Era molto che non andavo sul “molo lungo” di Oneglia Imperia dove in questa stagione si possono vedere a volte gli Svassi a volte i Beccapesci (che a me entusiasmano per i loro tuffi) l'Anatra mandarina con i suoi colori spettacolari ma appena ho cominciato a guardare con attenzione ho visto qualcosa che per me era nuovissimo: la Gazza marina.
Subito ho estratto cannocchiale compatta e con calma ho cercato di fare i miei primi scatti “veri” ma la Gazza era irrequieta sempre in movimento io avevo problemi con la messa a fuoco ma ogni tanto mi riusciva uno scatto giusto.

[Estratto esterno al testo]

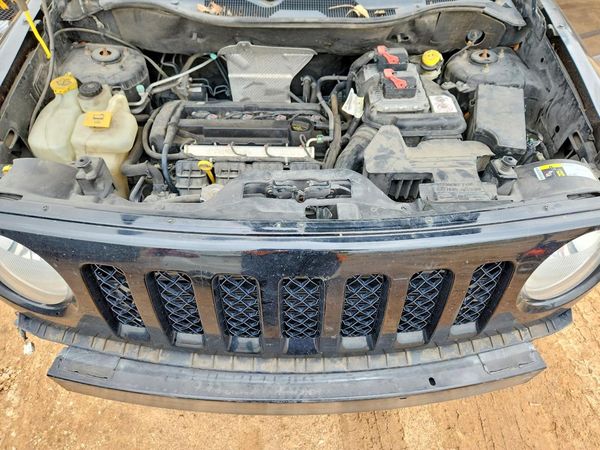 2017 JEEP PATRIOT SPORT FWD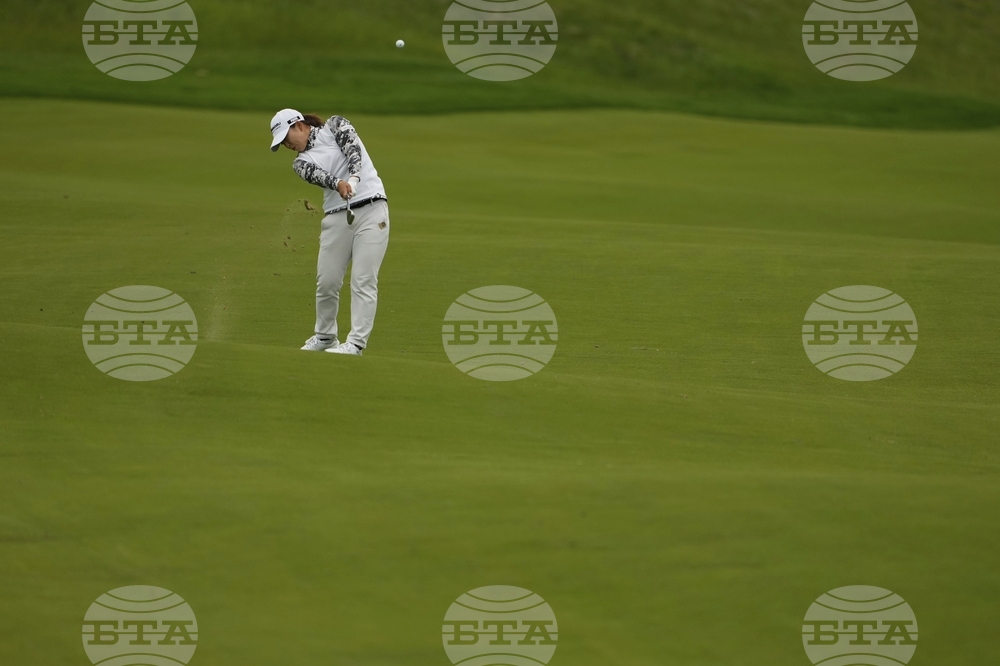 US Women's Open Golf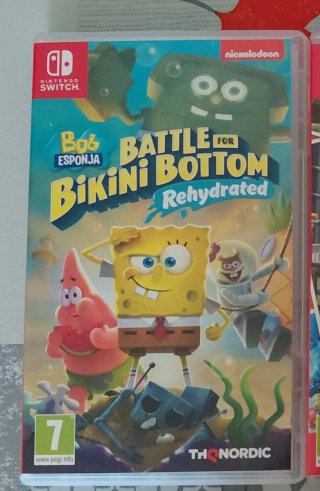 Juegos Nintendo Switch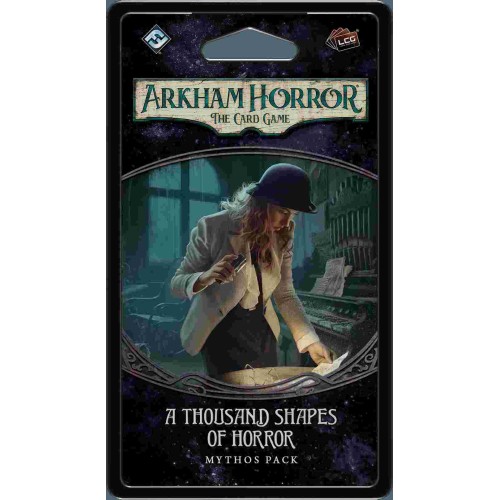 Arkham Horror: The Card Game - A Thousand Shapes of Horror Mythos Pack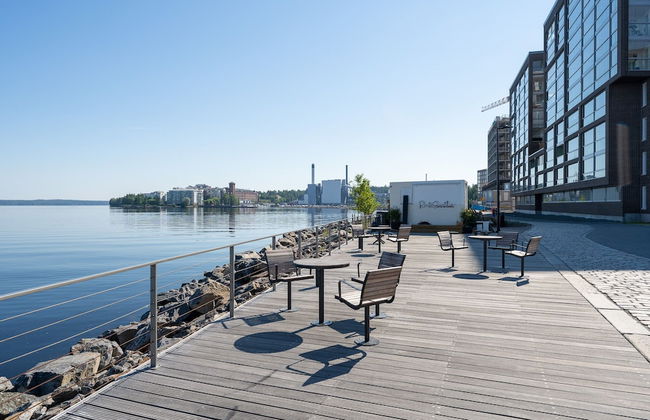 2ndhomes Ranta-Tampella Kaplan 2 Apt. - Foto 26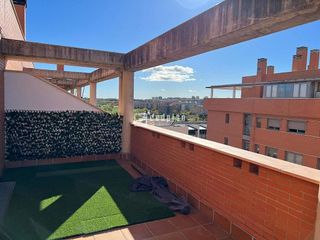 Ático en alquiler en Sanchinarro en Madrid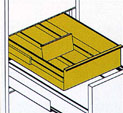 Drawer-in-a-Drawer Interiors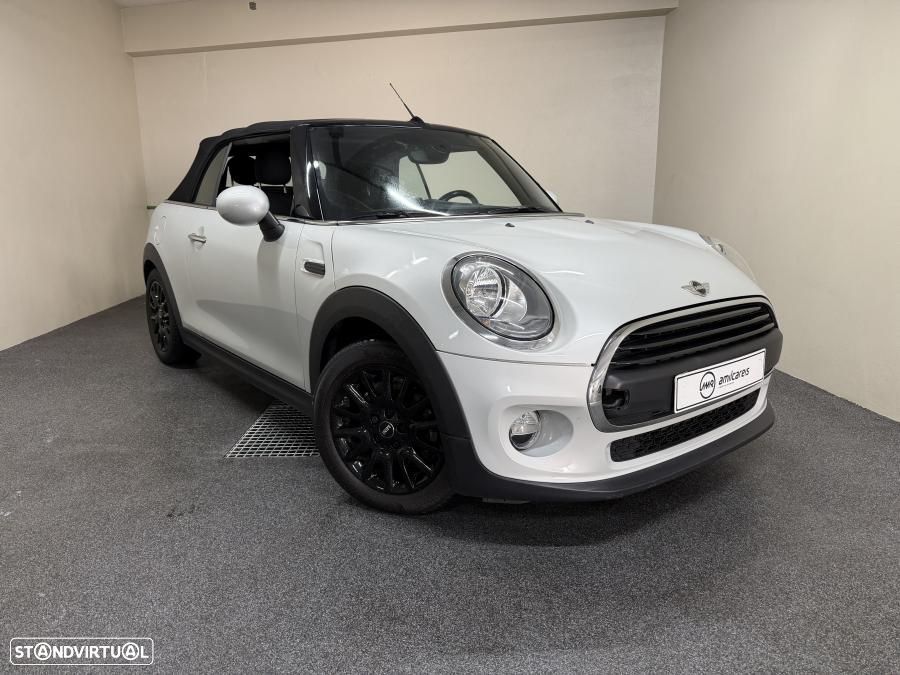 MINI Cabrio One Classic - 1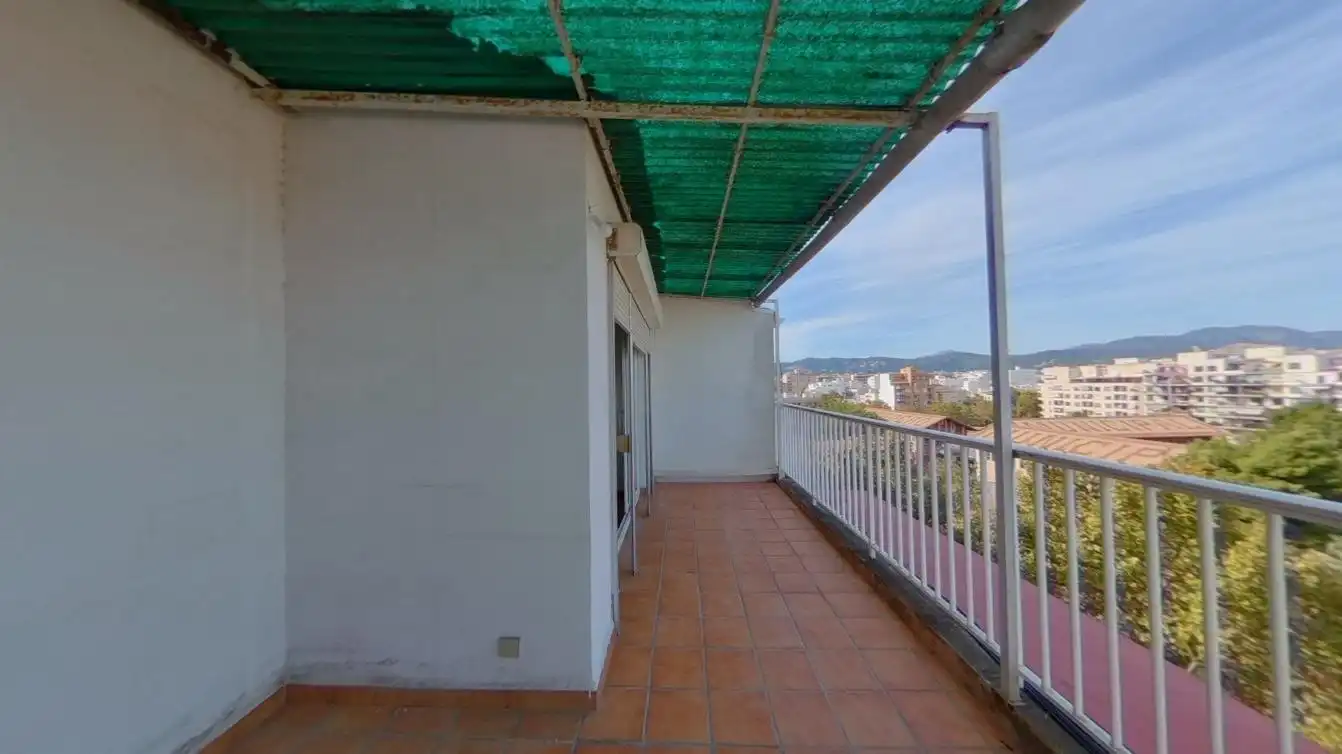 Terraza de Piso en venta en  Palma de Mallorca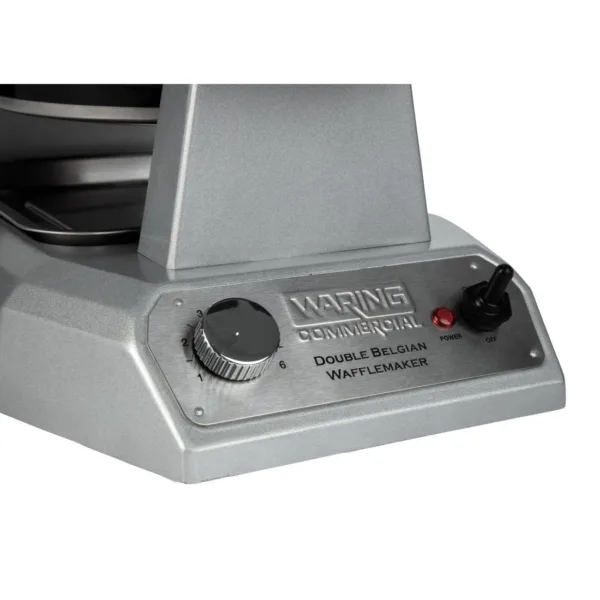 Waring Double Waffle Maker WW200K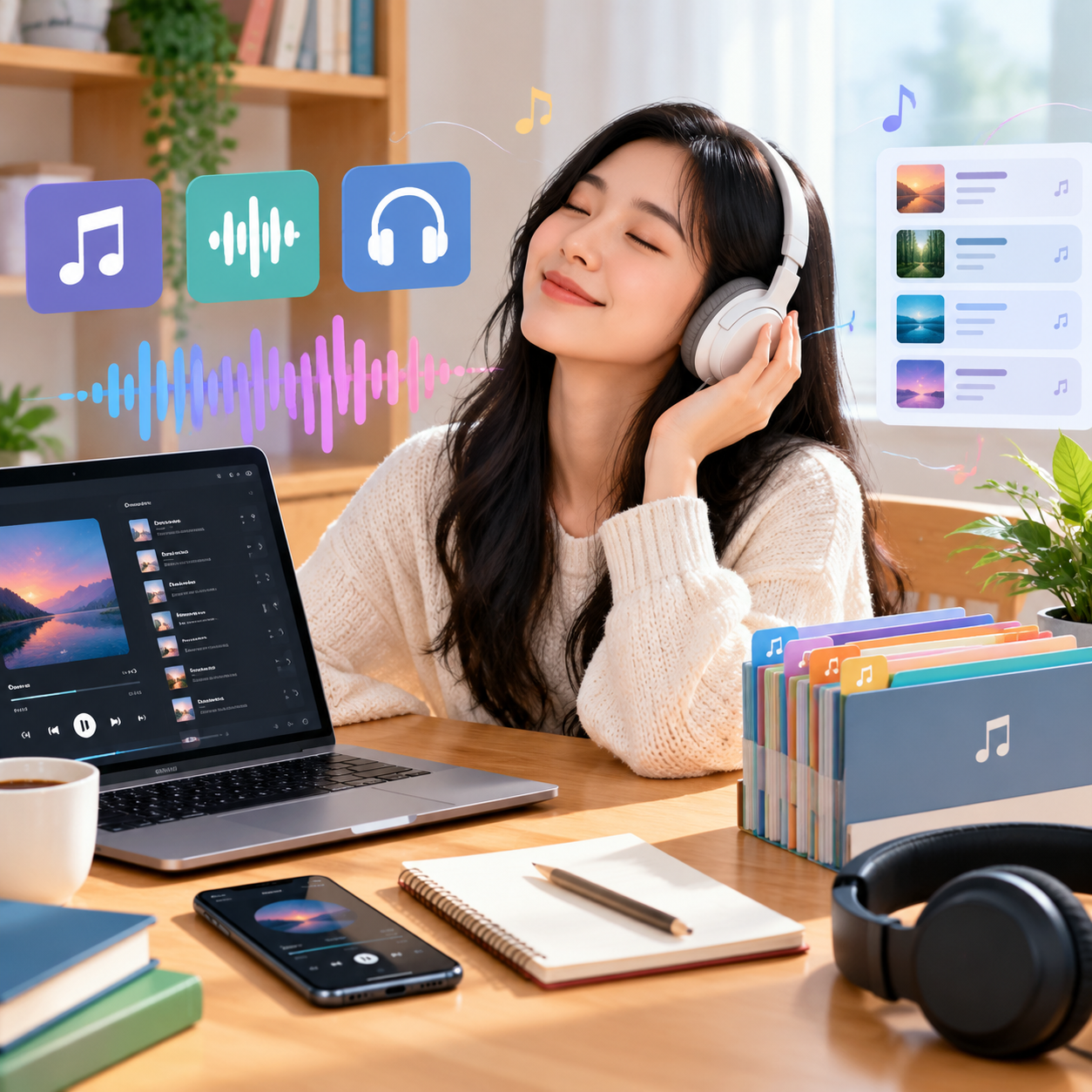 音乐音频怎么选、怎么听、怎么整理？一篇讲清楚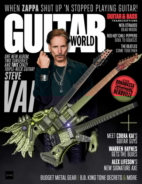 Guitar-World March 01, 2022 Issue Cover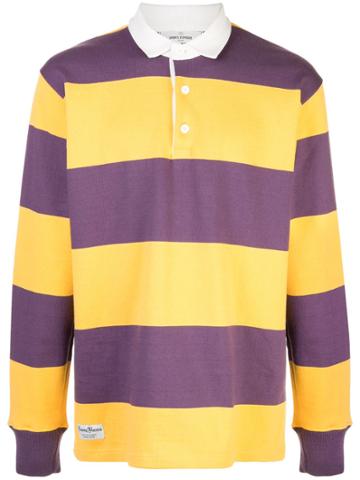 Rowing Blazers Stripe Rugby - Yellow
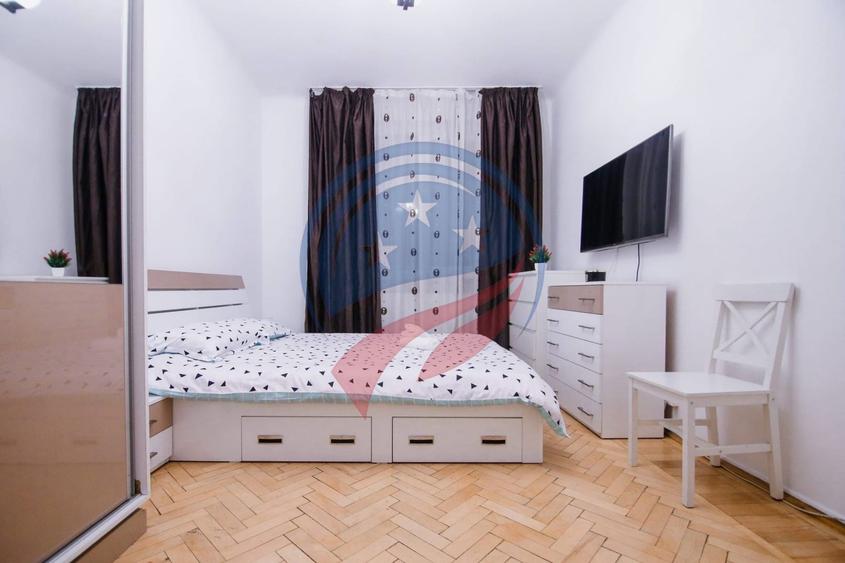 Apartament 2 camere decomandat/de inchiriat/ultracentral/Craiova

Tutto questo che c'entra con la foto del Beccapesci ? C'entra eccome , infatti mentre veramente faticavo con la Gazza, con la coda dell'occhio, ho visto qualcosa che si posava sulla penna di una barca vicina una decina di metri era Lui il Beccapesci, è rimasto lì a riposare e mi ha lasciato tutto il tempo che mi è servito per eseguire una foto controllata.
Sicuramente ho avuto fortuna ma anche il modo di fotografare in Digiscoping più lento, più silenzioso ,più rispettoso dell'animale ha contribuito al buon esito.